Several officials from Colombia’s Ministry of Defense privately suspected corruption in the process that saw former Navy Admiral Gabriel Arango Bacci acquitted in 2009 of all charges relating to ties with drug traffickers, a WikiLeaks cable revealed Wednesday.
These suspicions were very much in line with the U.S. sentiment at the time about the surprise turn around in an investigation that seemed set to sentence Arango earlier in 2009.
The then-U.S Ambassador William Brownfield responded publicly at the time that there was clear evidence to implicate Arango of having drug trafficking ties and that the case was very much within U.S. interests as those narcotics reached U.S. shores.
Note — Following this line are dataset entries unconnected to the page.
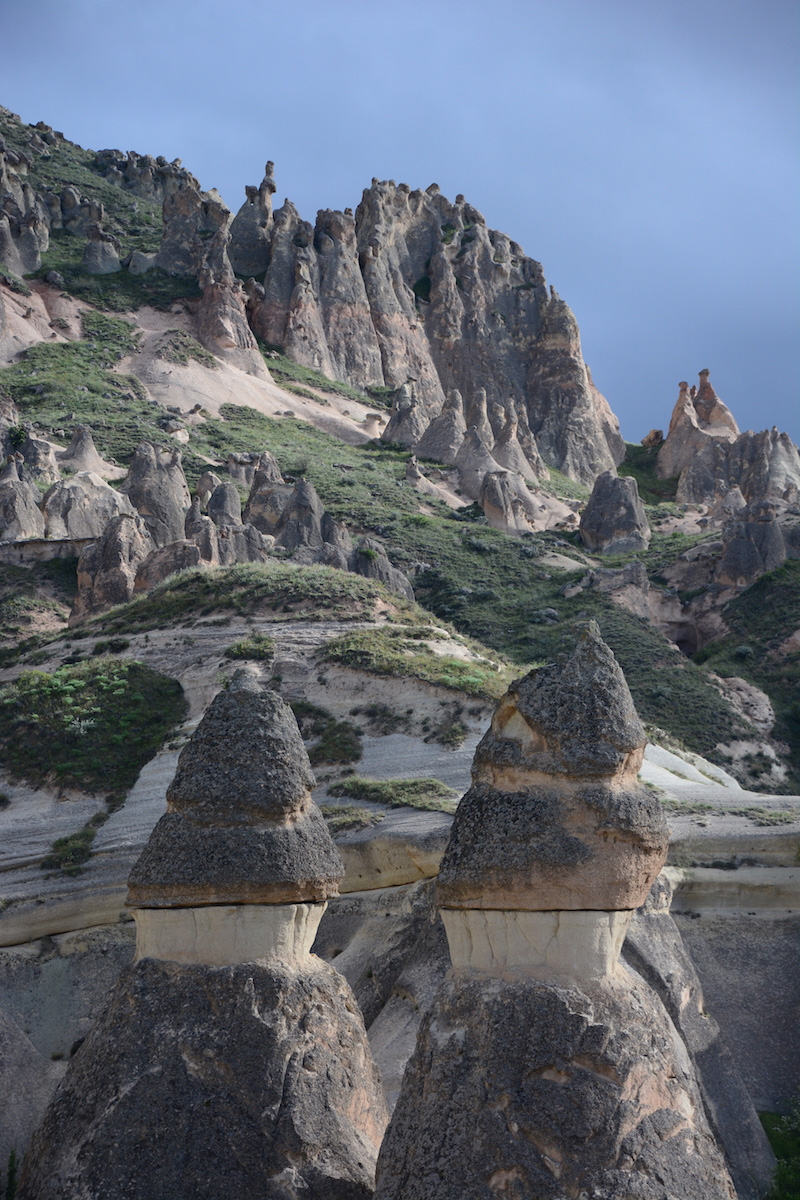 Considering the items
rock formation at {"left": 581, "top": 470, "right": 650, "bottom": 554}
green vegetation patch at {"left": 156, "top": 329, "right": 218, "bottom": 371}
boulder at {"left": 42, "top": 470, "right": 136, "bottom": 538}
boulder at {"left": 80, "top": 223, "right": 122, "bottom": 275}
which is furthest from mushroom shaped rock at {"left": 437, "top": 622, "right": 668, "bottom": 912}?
boulder at {"left": 80, "top": 223, "right": 122, "bottom": 275}

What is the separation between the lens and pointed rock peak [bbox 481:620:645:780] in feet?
31.6

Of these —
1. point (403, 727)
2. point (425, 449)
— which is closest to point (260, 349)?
point (425, 449)

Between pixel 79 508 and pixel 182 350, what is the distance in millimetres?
40288

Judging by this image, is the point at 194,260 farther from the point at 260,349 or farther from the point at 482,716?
the point at 482,716

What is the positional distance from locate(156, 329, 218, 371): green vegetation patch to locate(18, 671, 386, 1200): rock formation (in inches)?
3159

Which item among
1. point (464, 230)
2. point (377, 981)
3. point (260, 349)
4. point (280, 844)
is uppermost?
point (464, 230)

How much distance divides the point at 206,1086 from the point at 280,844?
2.44 meters

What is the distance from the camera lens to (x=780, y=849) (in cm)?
1988

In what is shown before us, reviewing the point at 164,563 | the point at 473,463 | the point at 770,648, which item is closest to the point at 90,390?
the point at 473,463

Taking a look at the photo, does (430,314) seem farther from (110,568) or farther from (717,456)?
(110,568)

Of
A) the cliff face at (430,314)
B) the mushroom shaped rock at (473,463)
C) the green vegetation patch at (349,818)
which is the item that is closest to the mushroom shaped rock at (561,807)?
the green vegetation patch at (349,818)

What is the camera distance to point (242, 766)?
1145 centimetres

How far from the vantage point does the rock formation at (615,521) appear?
73.5 metres

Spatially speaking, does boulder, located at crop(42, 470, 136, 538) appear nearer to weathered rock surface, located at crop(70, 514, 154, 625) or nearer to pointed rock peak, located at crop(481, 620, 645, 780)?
weathered rock surface, located at crop(70, 514, 154, 625) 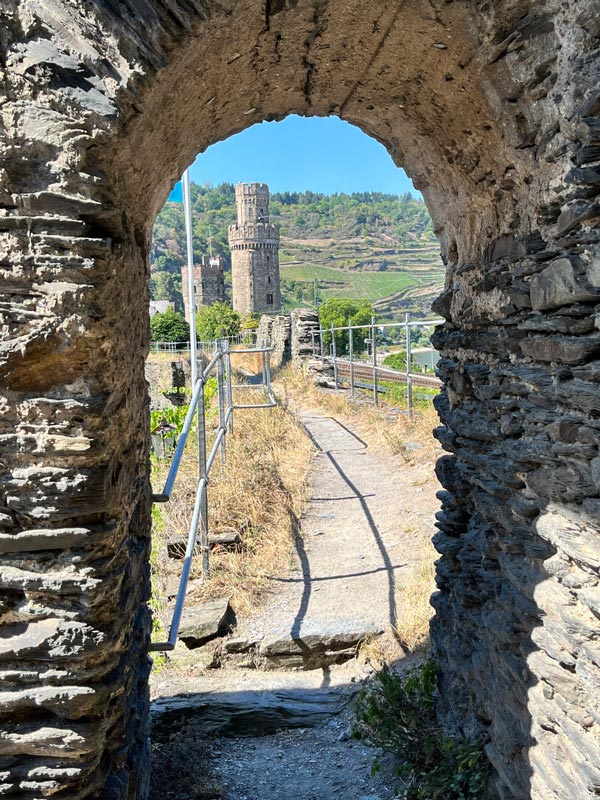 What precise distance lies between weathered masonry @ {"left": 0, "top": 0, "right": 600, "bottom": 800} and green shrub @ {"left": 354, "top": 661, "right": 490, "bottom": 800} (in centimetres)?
16

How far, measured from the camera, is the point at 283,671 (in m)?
3.82

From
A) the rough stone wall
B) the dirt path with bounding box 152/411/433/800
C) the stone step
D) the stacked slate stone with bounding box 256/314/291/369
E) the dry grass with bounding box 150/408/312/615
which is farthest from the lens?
the stacked slate stone with bounding box 256/314/291/369

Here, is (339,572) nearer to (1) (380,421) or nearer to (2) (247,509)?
(2) (247,509)

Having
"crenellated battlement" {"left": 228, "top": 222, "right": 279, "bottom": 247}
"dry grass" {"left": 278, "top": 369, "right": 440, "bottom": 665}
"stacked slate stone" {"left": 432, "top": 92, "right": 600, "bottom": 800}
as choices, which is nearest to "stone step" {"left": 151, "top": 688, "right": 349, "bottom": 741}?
"dry grass" {"left": 278, "top": 369, "right": 440, "bottom": 665}

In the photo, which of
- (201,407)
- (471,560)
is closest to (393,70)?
(471,560)

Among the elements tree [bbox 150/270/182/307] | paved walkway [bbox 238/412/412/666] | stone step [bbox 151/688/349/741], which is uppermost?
tree [bbox 150/270/182/307]

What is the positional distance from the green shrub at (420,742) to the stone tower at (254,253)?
38739mm

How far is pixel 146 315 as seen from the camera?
234 centimetres

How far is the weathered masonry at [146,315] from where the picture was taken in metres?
1.60

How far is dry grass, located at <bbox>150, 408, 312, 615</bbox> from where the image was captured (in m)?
4.61

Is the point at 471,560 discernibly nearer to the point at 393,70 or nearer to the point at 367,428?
the point at 393,70

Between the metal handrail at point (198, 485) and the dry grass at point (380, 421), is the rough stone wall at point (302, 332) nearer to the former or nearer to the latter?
the dry grass at point (380, 421)

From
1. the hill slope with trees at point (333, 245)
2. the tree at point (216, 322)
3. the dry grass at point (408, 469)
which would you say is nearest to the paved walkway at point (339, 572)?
the dry grass at point (408, 469)

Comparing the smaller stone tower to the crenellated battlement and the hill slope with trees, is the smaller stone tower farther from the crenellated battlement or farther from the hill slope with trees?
the hill slope with trees
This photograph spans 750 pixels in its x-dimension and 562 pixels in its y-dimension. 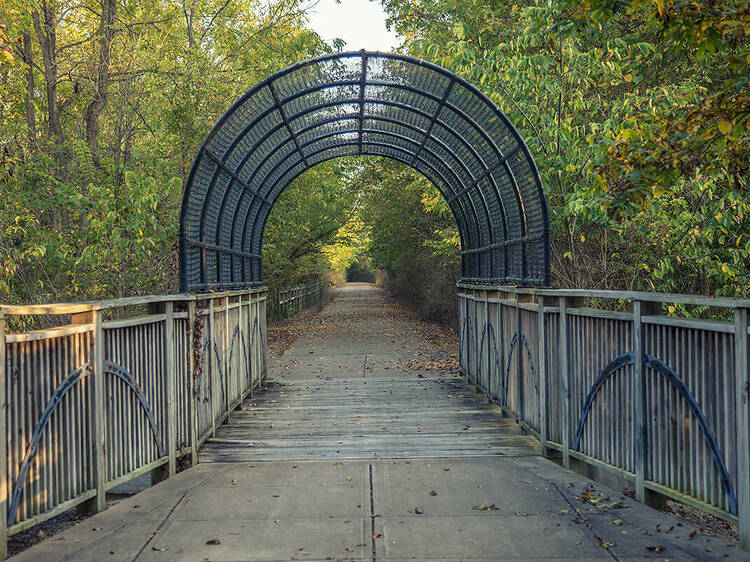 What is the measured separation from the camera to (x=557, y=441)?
239 inches

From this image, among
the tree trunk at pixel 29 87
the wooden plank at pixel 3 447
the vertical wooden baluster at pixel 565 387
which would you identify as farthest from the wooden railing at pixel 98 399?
the tree trunk at pixel 29 87

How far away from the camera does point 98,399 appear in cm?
466

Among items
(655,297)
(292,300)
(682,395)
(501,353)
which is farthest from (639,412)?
(292,300)

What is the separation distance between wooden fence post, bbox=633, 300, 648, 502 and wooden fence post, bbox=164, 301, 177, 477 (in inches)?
146

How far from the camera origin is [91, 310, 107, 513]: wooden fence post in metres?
4.63

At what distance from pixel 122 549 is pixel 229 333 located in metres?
4.36

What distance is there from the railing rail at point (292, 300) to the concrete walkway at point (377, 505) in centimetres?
1857

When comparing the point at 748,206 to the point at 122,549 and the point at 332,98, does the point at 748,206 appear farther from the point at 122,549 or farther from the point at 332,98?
the point at 122,549

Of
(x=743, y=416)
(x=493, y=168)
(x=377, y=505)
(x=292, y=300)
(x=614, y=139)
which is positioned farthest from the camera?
(x=292, y=300)

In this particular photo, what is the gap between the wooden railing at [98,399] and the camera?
3838 mm

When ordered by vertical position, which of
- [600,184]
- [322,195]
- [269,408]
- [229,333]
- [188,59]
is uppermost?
[188,59]

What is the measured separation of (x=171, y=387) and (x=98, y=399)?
47.0 inches

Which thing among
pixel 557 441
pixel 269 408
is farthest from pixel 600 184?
pixel 269 408

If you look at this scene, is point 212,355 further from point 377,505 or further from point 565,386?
point 565,386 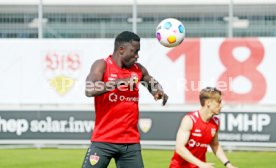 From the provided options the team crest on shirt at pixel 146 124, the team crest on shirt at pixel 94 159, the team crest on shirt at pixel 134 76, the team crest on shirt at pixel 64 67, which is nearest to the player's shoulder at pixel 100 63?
the team crest on shirt at pixel 134 76

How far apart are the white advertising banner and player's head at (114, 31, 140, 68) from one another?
933cm

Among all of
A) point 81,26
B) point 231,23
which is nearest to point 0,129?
point 81,26

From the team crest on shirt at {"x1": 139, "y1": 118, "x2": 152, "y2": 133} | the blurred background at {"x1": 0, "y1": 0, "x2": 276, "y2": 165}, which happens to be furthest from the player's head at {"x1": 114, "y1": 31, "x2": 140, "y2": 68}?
the team crest on shirt at {"x1": 139, "y1": 118, "x2": 152, "y2": 133}

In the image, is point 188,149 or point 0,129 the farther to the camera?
point 0,129

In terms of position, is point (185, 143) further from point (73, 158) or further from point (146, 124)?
point (146, 124)

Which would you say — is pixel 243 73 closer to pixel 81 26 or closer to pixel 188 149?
pixel 81 26

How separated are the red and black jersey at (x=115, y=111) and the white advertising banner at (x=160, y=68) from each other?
926 centimetres

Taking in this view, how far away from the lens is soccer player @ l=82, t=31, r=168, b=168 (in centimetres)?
743

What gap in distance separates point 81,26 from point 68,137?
108 inches

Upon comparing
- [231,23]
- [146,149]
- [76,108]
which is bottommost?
[146,149]

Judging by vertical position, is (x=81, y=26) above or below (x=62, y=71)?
above

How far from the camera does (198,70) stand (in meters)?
16.7

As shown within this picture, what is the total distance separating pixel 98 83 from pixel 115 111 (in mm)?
427

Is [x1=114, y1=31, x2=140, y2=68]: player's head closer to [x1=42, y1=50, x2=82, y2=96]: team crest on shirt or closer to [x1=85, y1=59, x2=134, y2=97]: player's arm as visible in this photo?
[x1=85, y1=59, x2=134, y2=97]: player's arm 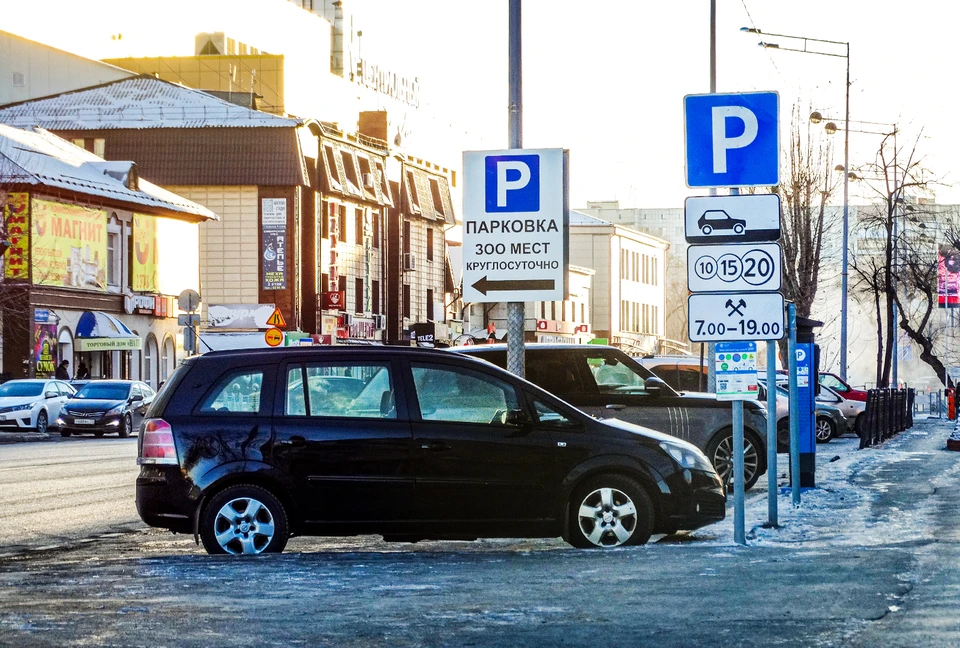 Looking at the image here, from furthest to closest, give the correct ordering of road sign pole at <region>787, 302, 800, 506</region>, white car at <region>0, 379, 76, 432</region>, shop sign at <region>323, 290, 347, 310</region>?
shop sign at <region>323, 290, 347, 310</region>, white car at <region>0, 379, 76, 432</region>, road sign pole at <region>787, 302, 800, 506</region>

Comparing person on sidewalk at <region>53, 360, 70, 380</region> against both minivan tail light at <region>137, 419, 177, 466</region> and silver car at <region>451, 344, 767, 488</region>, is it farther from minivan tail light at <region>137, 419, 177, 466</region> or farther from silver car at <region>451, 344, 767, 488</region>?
minivan tail light at <region>137, 419, 177, 466</region>

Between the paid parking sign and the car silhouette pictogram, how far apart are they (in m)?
1.99

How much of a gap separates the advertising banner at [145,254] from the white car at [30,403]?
13.0 meters

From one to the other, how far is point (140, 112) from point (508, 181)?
55316 mm

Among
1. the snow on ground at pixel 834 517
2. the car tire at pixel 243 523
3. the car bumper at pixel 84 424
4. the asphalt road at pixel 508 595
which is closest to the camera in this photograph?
the asphalt road at pixel 508 595

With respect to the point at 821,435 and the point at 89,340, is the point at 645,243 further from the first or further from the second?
the point at 821,435

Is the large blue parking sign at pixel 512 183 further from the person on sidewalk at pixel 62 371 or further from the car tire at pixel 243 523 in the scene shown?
the person on sidewalk at pixel 62 371

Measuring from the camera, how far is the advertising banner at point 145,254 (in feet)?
189

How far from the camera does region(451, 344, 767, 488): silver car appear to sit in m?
18.4

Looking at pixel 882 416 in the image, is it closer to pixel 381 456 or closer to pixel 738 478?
pixel 738 478

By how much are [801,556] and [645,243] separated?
4390 inches

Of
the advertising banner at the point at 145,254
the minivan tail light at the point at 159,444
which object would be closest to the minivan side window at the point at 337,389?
the minivan tail light at the point at 159,444

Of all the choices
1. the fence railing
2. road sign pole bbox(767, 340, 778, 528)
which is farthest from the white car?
road sign pole bbox(767, 340, 778, 528)

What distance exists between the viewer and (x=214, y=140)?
67.3 metres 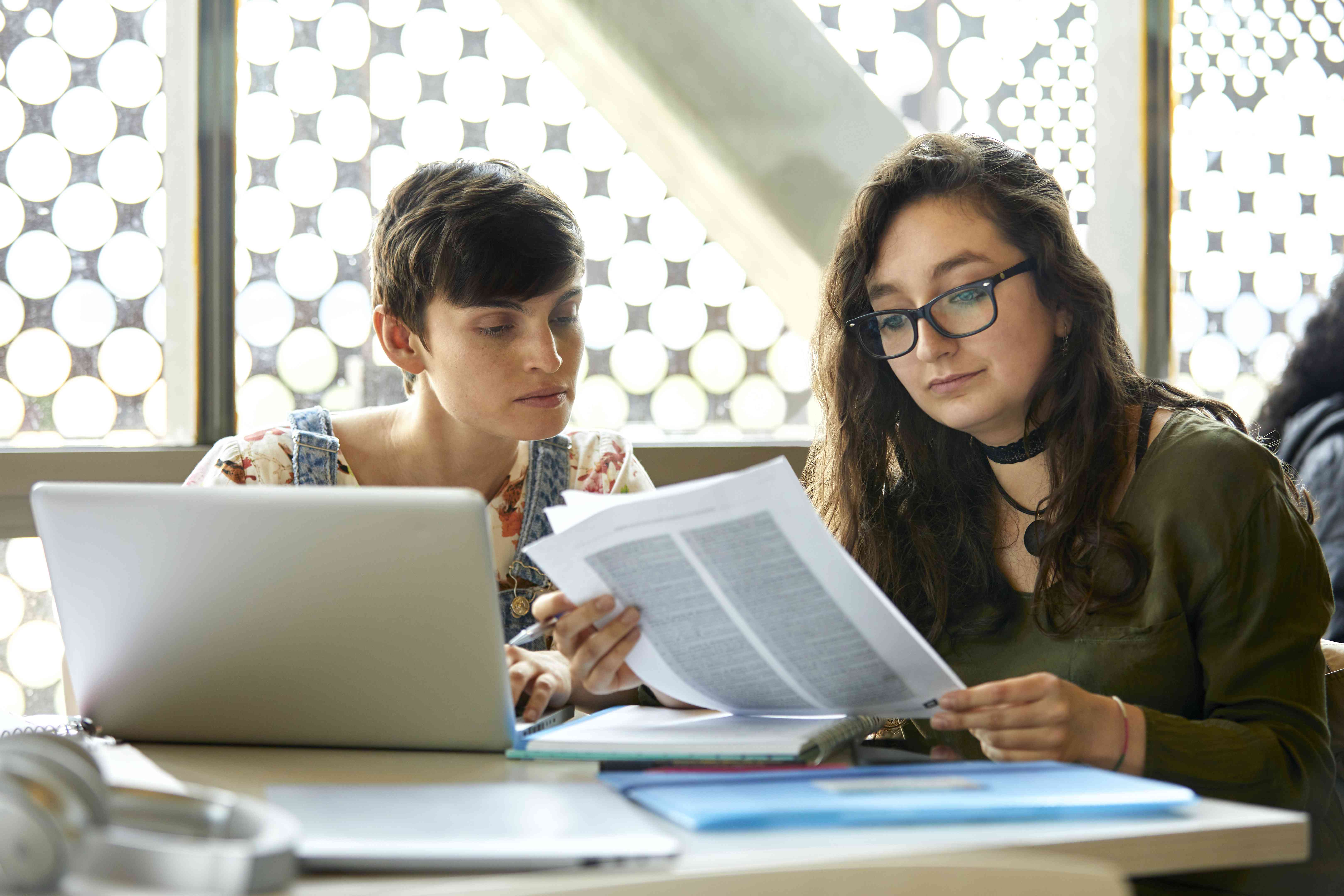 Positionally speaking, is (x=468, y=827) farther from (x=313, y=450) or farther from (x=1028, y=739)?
(x=313, y=450)

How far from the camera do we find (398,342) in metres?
1.57

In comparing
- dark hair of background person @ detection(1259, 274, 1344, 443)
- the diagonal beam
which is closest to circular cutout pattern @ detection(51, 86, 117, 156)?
the diagonal beam

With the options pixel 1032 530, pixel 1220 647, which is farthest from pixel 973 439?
pixel 1220 647

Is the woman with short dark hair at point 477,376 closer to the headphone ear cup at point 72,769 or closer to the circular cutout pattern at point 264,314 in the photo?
the circular cutout pattern at point 264,314

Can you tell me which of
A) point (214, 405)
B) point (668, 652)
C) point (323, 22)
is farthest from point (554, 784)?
point (323, 22)

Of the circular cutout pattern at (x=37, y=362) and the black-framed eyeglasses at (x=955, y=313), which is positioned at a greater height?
the black-framed eyeglasses at (x=955, y=313)

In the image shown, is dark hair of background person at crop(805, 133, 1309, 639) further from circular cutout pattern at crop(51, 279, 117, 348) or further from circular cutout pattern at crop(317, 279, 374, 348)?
circular cutout pattern at crop(51, 279, 117, 348)

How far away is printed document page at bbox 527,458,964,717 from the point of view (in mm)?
755

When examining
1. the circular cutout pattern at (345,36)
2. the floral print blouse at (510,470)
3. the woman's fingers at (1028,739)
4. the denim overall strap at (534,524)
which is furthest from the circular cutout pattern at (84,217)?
the woman's fingers at (1028,739)

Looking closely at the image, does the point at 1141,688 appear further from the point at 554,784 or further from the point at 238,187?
the point at 238,187

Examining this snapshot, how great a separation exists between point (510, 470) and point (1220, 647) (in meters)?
0.95

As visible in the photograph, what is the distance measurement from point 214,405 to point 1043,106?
2.11 m

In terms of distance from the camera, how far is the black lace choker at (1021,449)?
1.31m

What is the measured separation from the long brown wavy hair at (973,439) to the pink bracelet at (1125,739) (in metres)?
0.24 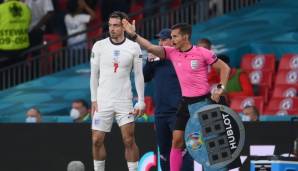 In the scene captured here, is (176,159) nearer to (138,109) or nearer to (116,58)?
(138,109)

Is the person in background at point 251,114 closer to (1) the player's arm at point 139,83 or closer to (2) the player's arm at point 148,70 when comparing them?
(2) the player's arm at point 148,70

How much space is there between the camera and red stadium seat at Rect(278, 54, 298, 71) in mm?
22859

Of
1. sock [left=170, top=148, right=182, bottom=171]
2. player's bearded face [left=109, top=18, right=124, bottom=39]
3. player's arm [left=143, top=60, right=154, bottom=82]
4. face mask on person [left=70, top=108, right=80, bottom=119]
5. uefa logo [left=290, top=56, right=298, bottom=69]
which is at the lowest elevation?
sock [left=170, top=148, right=182, bottom=171]

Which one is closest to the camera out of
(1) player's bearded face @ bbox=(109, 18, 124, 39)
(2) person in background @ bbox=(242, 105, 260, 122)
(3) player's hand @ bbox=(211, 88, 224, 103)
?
(3) player's hand @ bbox=(211, 88, 224, 103)

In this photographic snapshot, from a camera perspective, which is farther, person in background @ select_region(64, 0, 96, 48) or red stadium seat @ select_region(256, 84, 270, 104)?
person in background @ select_region(64, 0, 96, 48)

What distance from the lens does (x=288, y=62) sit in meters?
22.9

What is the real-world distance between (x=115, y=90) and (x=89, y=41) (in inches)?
279

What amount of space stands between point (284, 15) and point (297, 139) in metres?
6.72

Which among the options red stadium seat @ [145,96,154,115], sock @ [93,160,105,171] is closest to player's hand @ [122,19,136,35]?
sock @ [93,160,105,171]

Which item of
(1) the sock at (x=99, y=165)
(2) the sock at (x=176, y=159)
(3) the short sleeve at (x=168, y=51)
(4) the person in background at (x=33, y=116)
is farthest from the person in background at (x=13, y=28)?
(2) the sock at (x=176, y=159)

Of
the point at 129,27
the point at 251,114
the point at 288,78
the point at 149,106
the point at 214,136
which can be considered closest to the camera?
the point at 129,27

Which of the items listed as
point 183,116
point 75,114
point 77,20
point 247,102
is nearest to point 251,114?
point 247,102

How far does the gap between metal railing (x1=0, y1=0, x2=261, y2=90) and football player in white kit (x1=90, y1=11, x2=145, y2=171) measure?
6619 millimetres

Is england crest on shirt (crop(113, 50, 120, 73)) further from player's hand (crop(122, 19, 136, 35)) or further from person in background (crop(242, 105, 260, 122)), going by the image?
person in background (crop(242, 105, 260, 122))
He was immediately reprimanded for these comments by the Supreme Court for interference in Colombian internal affairs.
However, according to a cable dated November 13, 2009, Brownfiled privately received the backing of the then-Defense Minister Gabriel Silva in a meeting between the two, with Silva commenting how he needed displays of public support if he was to uncover corruption within the armed forces.
In 2008 a military tribunal found Bacci guilty of receiving $115,000 for selling the coordinates of Navy patrols to drug traffickers, in order for the traffickers to be able to avoid authorities and safely transport drugs out of Colombia. Bacci had requested a civil hearing before the Supreme Court in order to try to prove his innocence.
Brownfield notes in the cable how events turned in favor of Arango when a new prosecutor was assigned to the case by the acting Prosecutor General Guillermo Mendoza Diago. The prosecutor instantly accused Navy Commander Guillermo Barrera of mounting a campaign to discredit Arango by positing false accusations against him and dismissed several significant pieces of evidence from sources against Arango due to their contact with the DEA and CIA.
Brownfiled commented in the cable that he found these particular developments “disturbing,” and that they represented a “serious setback for the Colombian justice system.”
Arango was eventually acquitted on December 3, 2009, on the grounds that there was a lack of evidence. Brownfield referred to the event as an “expected yet troubling development,” and cautioned what its implications could be with regards to creating a culture of immunity among senior ranking officials in Colombian armed forces.